WHY IT’S IMPORTANT TO KNOW WHAT DEALERS ACTUALLY THINK
THE MANUFACTURER/DEALER PERCEPTION GAP – STUDY RESULTS
All companies strive to optimize their performance. It’s natural and fundamental. Those selling through their own direct channel have a great deal of control over how their products are marketed and sold. However, manufacturers selling through dealers, an indirect channel, have less direct control and must find ways to successfully work with and through their dealers to achieve optimum financial success.
Many studies have shown that manufacturers who are "easy to do business with" have the most financial success selling through their channel. This ease of doing business creates a greater degree of "engagement" from the dealer, which creates more satisfaction and brand loyalty. Studies, like one done by Towers and Watson show a direct link between higher levels of engagement among manufacturers and dealers, and improved financial performance for both parties.

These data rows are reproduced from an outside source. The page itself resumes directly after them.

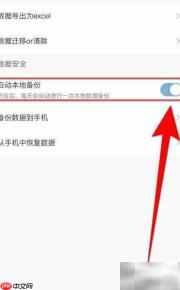 关闭爱时间自动备份方法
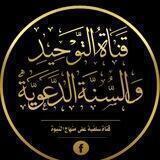 قناة_التوحيد_والسنة_الدعوية📝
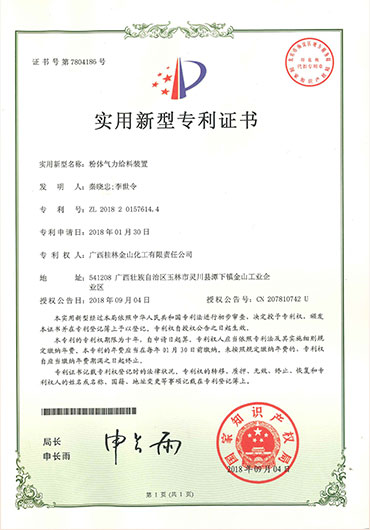科技研发|新利体育，，，，，，桂林新利体育官网，，，，，，桂林新利体育集团官网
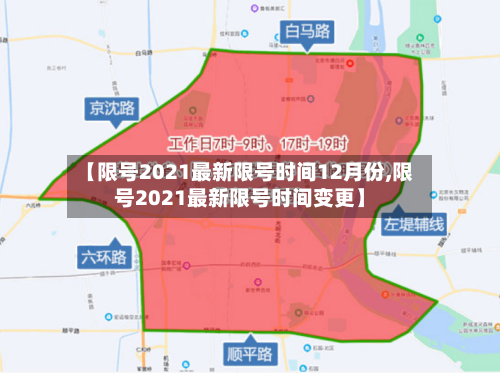 【限号2021最新限号时间12月份,限号2021最新限号时间变更】-第2张图片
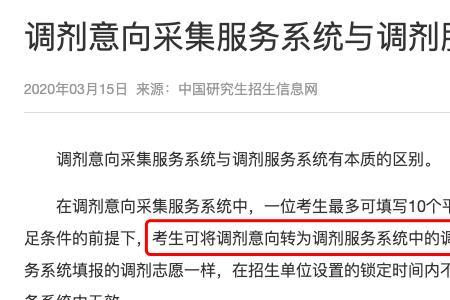 调剂备注可以写一志愿吗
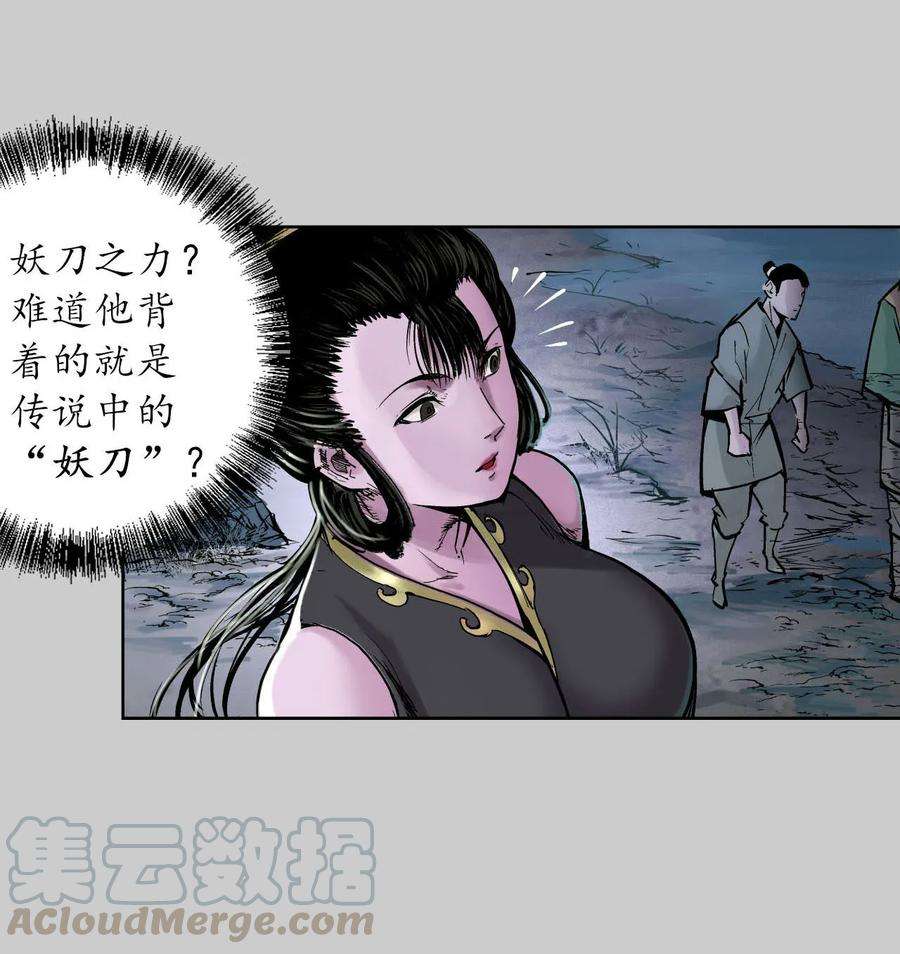 藏锋行85话 幕后主使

IS PERCEPTION REALITY? OR IS THERE A GAP?
It’s natural for a manufacturer to believe that they are pretty easy to do business with and that their dealers, for the most part, are engaged and generally satisfied with business in the channel. However, our experience and studies have shown that there is nearly always a "gap" in the perceptions of the manufacturer and the reality from the dealer’s viewpoint.
The Abistar Group surveys thousands of organizations and their distribution partners each

year to measure how a company’s dealers perceive the company’s performance in four key areas:
• Collaboration
• Marketing/Communication Effectiveness
• Training and Certification
• Performance Management
As you might guess, there is a measurable gap. Dealers rank the actual support they’re getting from the manufacturer much lower than the manufacturer’s perception of support they give. So a gap exists between perception and reality. This gap produces "friction" in the channel. The greater this gap, the more friction that exists. The result is a decrease in dealer engagement. Friction is the antithesis of engagement. The better the quality of engagement there is between a manufacturer and its dealers each day, the less friction there is. Top performing companies have minimal gaps across the four key areas of support. Companies that struggle with their dealers have large gaps.